Far-right won't hijack 'yellow vest' protest at City Hall: organiser
The organiser of a 'yellow vest' rally in Belfast says his group rejected a proposal to hold a joint demonstration with another inspired by recent French protests in order to prevent the event being hijacked by extremists.
Calum Cowie (23) is a member of Yellow Vest Occupy Belfast, which will hold a "peaceful, non-violent" protest at the City Hall on January 12.
Among the group's aims are an end to cuts to public services and zero hour contracts, and the building of more social housing.
A second protest by an organisation calling itself the Yellow Vest Movement of Great Britain and Northern Ireland is planned at the same place on January 19.
This second group displays far-right sympathies on its social media page.
Images include a figure with a hammer attacking the star and crescent symbol alongside the words 'Smash Islam', and a clenched fist covered in a Union flag.
Another shows a young white girl surrounded by figures in burkhas with their backs to the camera and is captioned: "Britain 2050: Why didn't you stop them grandad?"
The yellow vest movement began in France last year as a protest against fuel taxes.
Mr Cowie says his group was contacted by the Yellow Vest Movement of Great Britain and Northern Ireland proposing a joint City Hall rally.
"But when we went on their page and saw their material was xenophobic and anti-immigration, we distanced ourselves," he said.
"I personally think that the material on their page was disgusting. They seem like a right-wing/far-right group trying to utilise the yellow vest movement for their own ends.
"We turned down the offer so they couldn't hijack our event.
"We're not in any way supportive of those ideas. We don't want anyone from the far-right to turn up at our event. It's a non-violent, peaceful protest.

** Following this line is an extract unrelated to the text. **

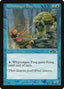 Whiptongue Frog – Exodus (EXO-52) Magic: The Gathering card | LC-REM-20260804-15361518010700-6fc17186-e786-46a3-9812-4a6e367e78b9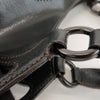 https://tbc-image-proxy.thebrandcollector.workers.dev/d8ea64a9b1853fbd?url=https://i.ebayimg.com/images/g/F3YAAeSwiOdqu4rh/s-l1600.jpg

"These groups twist socio-economic inequality by trying to blame it on immigration, not the real causes, like wealth disparity. They use it as an opportunity for their own ends.
"Our protest is totally different. We support equality for ethnic groups, LGBT and trans rights, and abortion rights."
Speakers will be drawn from groups such as trade unions, equality groups and political parties.
"There could be between 100 and 300 people attending, potentially more," he added.
"This event is driven by frustration. It's time for change."
The call centre worker expects more 'yellow vest' events to be held here in future, but warned that others should also guard against their aims being distorted.
"Organisers have to be careful that they don't attract the far right or they don't jump on the bandwagon," he said.
"We were inspired by what happened in France, but not by the more unsavoury elements."